-- Opening Marker --

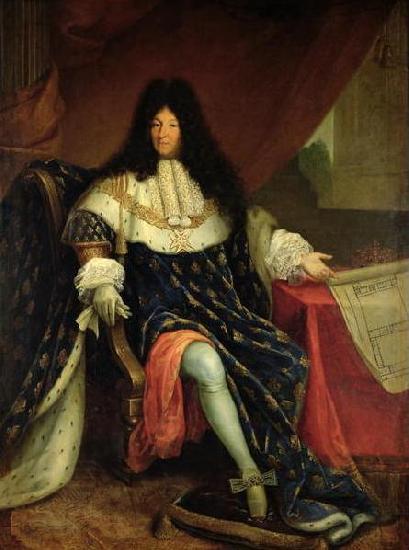 unknow artist Portrait of Louis XIV of France China oil painting art
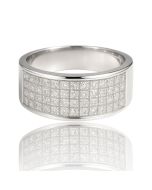 14K White Gold Diamond Ring – 0.60 CTW | 5.49g | 23.85mm Wide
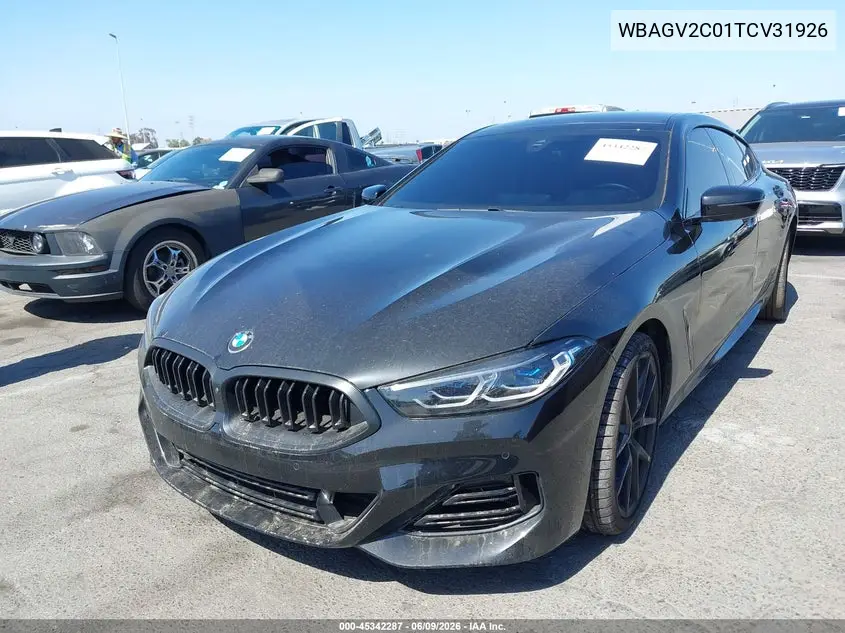 2026 BMW 840I Gran Coupe VIN: WBAGV2C01TCV31926 Lot: 45342287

-- Closing Marker --

## Task instructions
All of the material is to be reproduced verbatim, pictures excluded.

## Task answer
 unknow artist Portrait of Louis XIV of France China oil painting art
 14K White Gold Diamond Ring – 0.60 CTW | 5.49g | 23.85mm Wide
 2026 BMW 840I Gran Coupe VIN: WBAGV2C01TCV31926 Lot: 45342287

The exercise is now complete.